As I’ve written about on this site before, one of the best short programs for anyone interested in culture and mental health is the Summer School in Social and Cultural Psychiatry held annually at McGill. The course at the center of the curriculum is “Cultural Psychiatry: A Critical Introduction” which consists primarily of lectures by Laurence Kirmayer, Allan Young, Cécile Rousseau, Eric Jarvis and other members of McGill’s Division of Social and Transcultural Psychiatry. If you can’t make it to the Summer School itself, you can now view videos of all of the “Cultural Psychiatry” lectures from 2012 online for free. This is a fantastic introduction to cultural psychiatry delivered by scholars who have been teaching the course for many years. The videos have also been produced very professionally, with slides edited in and multiple camera angles (!)
The entire series of lectures can be viewed on the Summer School’s site. I am also embedding the first two videos, which serve as a kind of introduction to the course, and listing the others – with links to the individual videos on YouTube along with brief descriptions.
Also, check out this separate post on the videos the from Summer School’s new “Critical Neuroscience” course.
Cultural Psychiatry: A Critical Introduction
To understand what is built into our mental health practice in order to look at it critically, Laurence Kirmayer examines the culture of psychiatry and psychology.
Laurence Kirmayer looks at the shifting meanings of culture, especially in an increasingly mobile global population.

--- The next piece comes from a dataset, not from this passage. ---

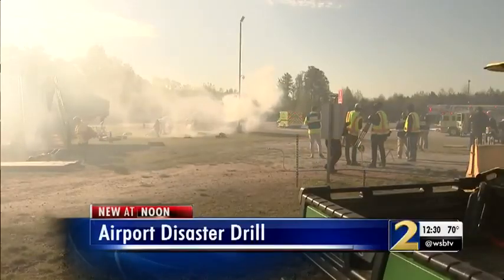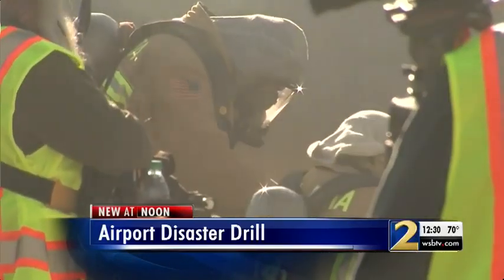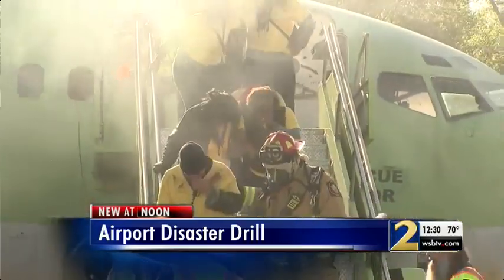You may see huge blank plumes of smoke coming from Atlanta's Hartsfield-Jackson International Airport. The fire and plane crash were all part of a larger training exercise. Channel 2's Stu Gelbach shows us how first responders make the drill as real as possible.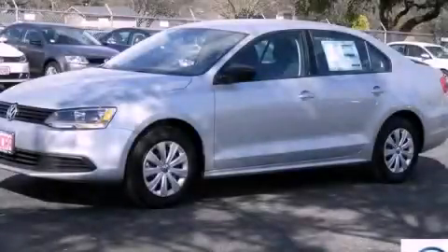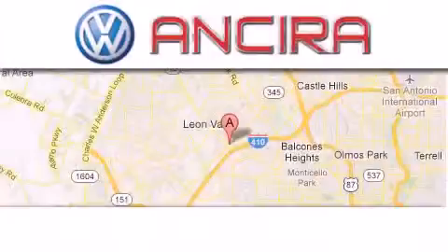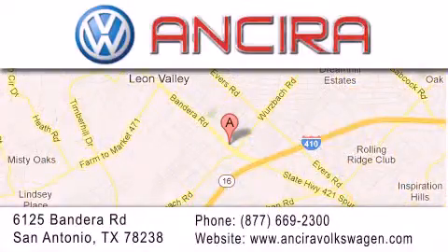Stop by today and test drive this vehicle for yourself. Ansira Volkswagen is conveniently located at 6125 Bandera Road, just outside Loop 410. Come by and experience the Ansira Volkswagen difference today.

He also discusses how culture might figure in psychiatric nosology.
Laurence Kirmayer looks at three forms of somatization, the problem of dualism in medicine, cultural idioms of distress and how experience is expressed in and through the body.
Laurence Kirmayer looks at medically unexplained symptoms, the potential meaning of somatic symptoms and the cultural context of symptom reporting.
Laurence Kirmayer examines how knowledge is generated in the field of cultural psychiatry and what the limitations in the field are. The lecture covers philosophical concerns on the nature of experience and cultural difference.
Laurence Kirmayer looks at issues that arise when trying to look across cultures, for example working in one culture with tools that were developed elsewhere. He discusses problems in cross-cultural comparisons and its methodological implications.
Laurence Kirmayer discusses dissociation, trance and related issues in cultural psychiatry.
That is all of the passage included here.